- Work item
Copy only what lies from the line containing "Support TV Mobile" through the line containing "Matei Tănasă a" in the entries below, keeping both end lines exact and dropping every picture.

(Data for the task)

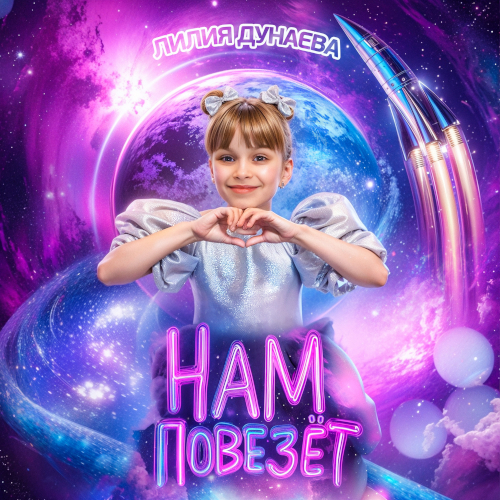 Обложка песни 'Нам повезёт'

(End Data for the task)
(Data for the task)

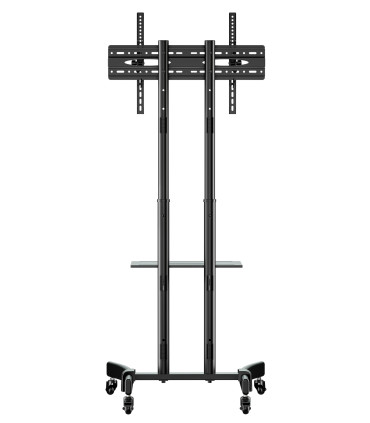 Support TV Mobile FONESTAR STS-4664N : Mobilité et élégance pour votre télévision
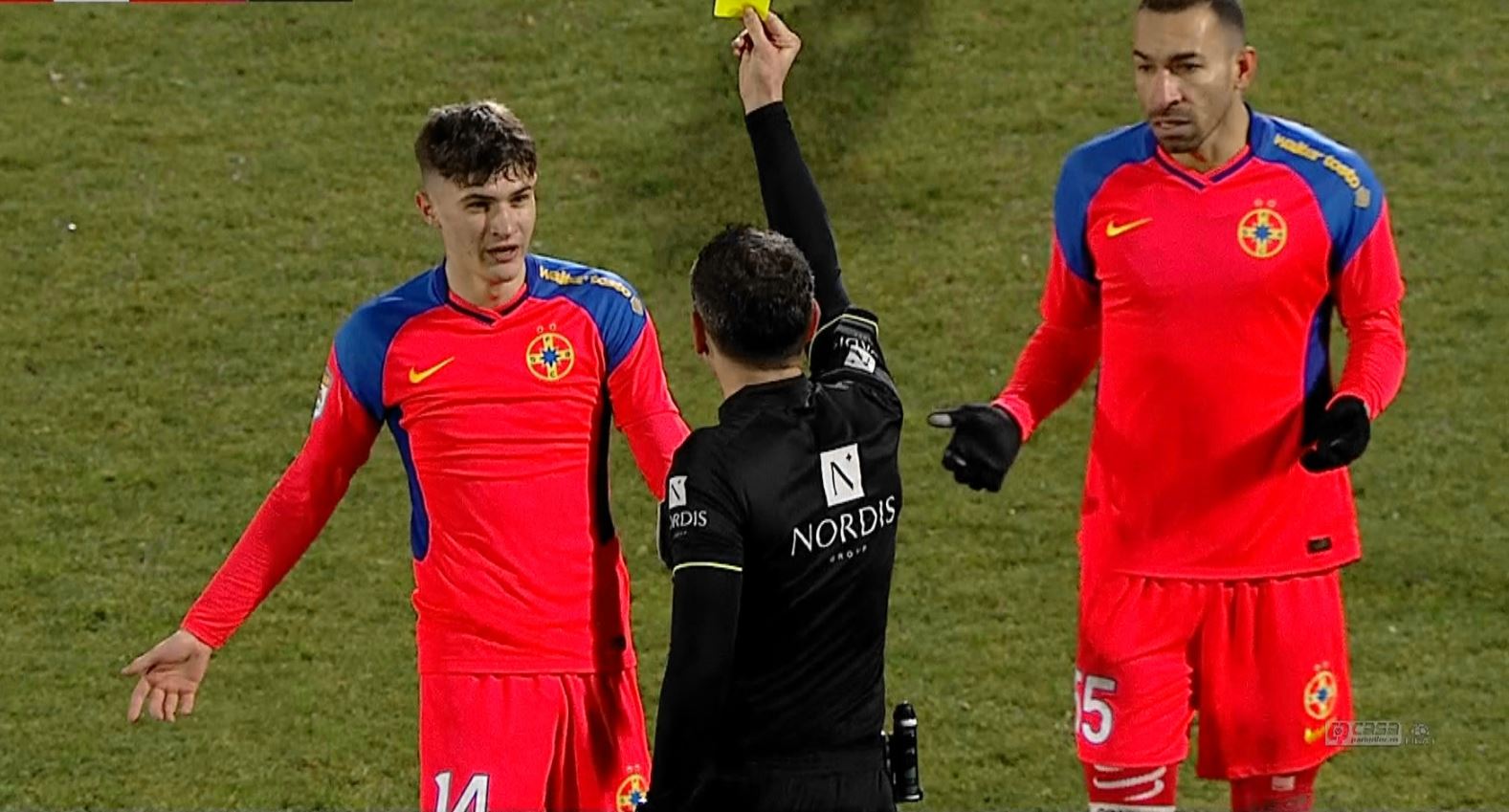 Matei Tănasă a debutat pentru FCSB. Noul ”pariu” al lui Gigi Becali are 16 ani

(End Data for the task)

- Exercise output
 Support TV Mobile FONESTAR STS-4664N : Mobilité et élégance pour votre télévision
 Matei Tănasă a debutat pentru FCSB. Noul ”pariu” al lui Gigi Becali are 16 ani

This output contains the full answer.